[Instructions for the task]:
If an entry holds a picture, leave the picture out and output everything else exactly.

[Records to process]:
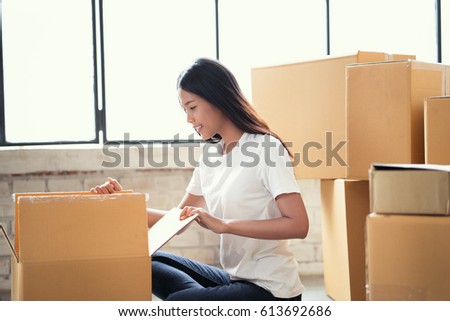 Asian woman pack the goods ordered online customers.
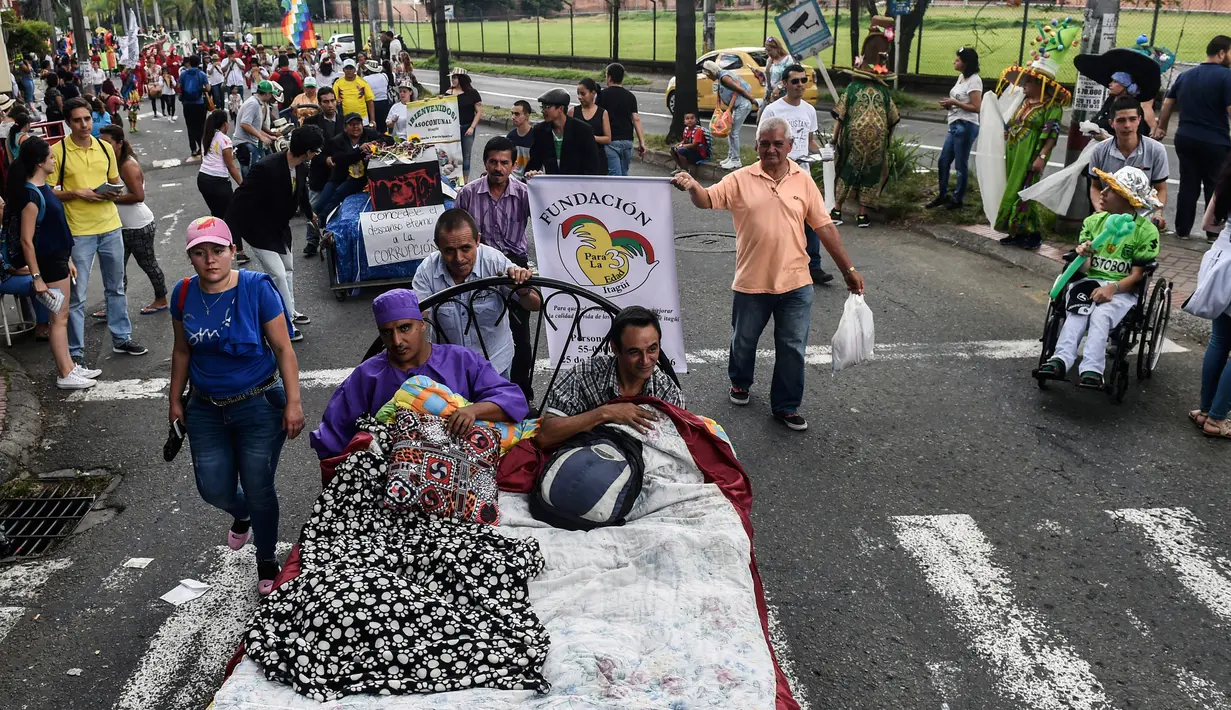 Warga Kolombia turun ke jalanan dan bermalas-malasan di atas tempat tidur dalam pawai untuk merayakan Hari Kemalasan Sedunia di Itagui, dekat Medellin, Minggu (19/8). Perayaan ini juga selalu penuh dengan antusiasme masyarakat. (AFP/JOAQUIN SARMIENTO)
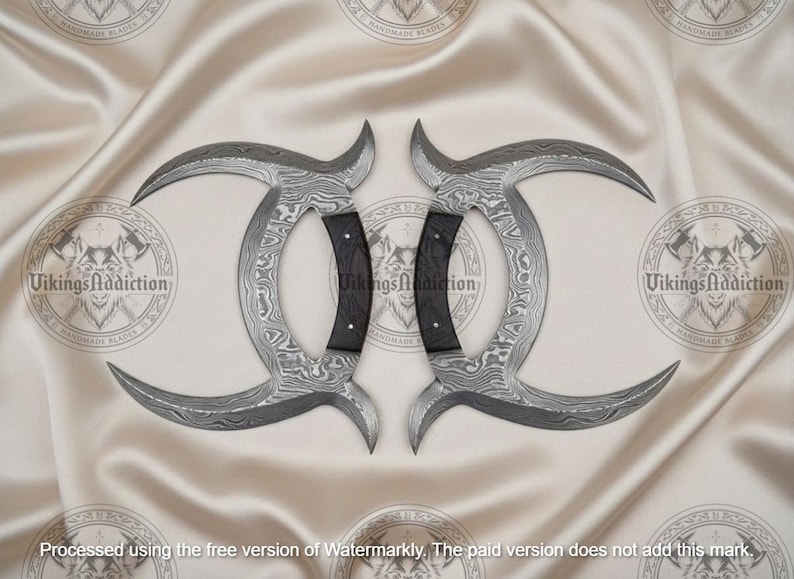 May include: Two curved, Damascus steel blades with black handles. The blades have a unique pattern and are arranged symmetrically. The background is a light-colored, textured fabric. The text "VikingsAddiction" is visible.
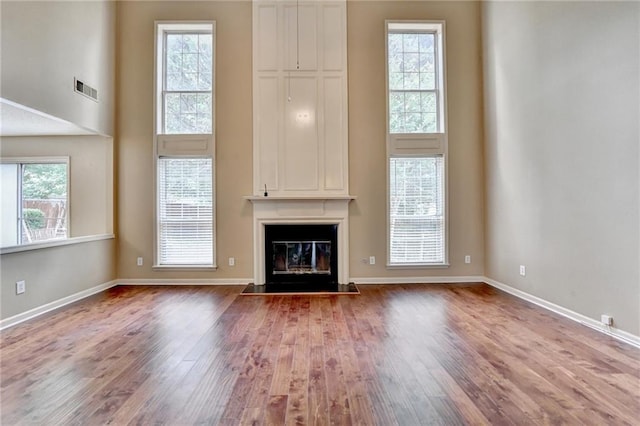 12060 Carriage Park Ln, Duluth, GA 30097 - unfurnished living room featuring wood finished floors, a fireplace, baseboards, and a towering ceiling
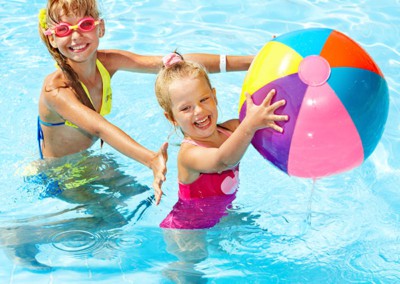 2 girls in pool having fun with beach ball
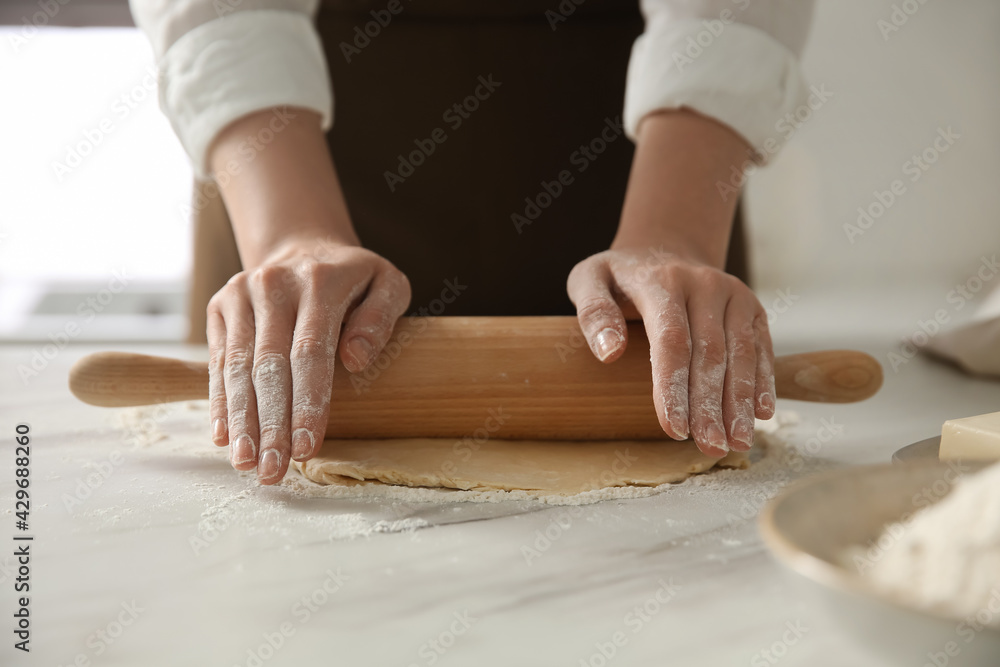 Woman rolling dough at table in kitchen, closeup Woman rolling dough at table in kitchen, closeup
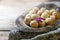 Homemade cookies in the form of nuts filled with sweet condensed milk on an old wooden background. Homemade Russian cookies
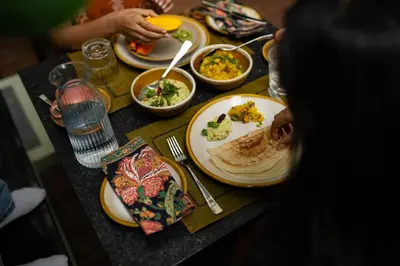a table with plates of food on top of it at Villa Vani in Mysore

[Problem solution]:
 Asian woman pack the goods ordered online customers.
 Warga Kolombia turun ke jalanan dan bermalas-malasan di atas tempat tidur dalam pawai untuk merayakan Hari Kemalasan Sedunia di Itagui, dekat Medellin, Minggu (19/8). Perayaan ini juga selalu penuh dengan antusiasme masyarakat. (AFP/JOAQUIN SARMIENTO)
 May include: Two curved, Damascus steel blades with black handles. The blades have a unique pattern and are arranged symmetrically. The background is a light-colored, textured fabric. The text "VikingsAddiction" is visible.
 12060 Carriage Park Ln, Duluth, GA 30097 - unfurnished living room featuring wood finished floors, a fireplace, baseboards, and a towering ceiling
 2 girls in pool having fun with beach ball
 Woman rolling dough at table in kitchen, closeup Woman rolling dough at table in kitchen, closeup
 Homemade cookies in the form of nuts filled with sweet condensed milk on an old wooden background. Homemade Russian cookies
a table with plates of food on top of it at Villa Vani in Mysore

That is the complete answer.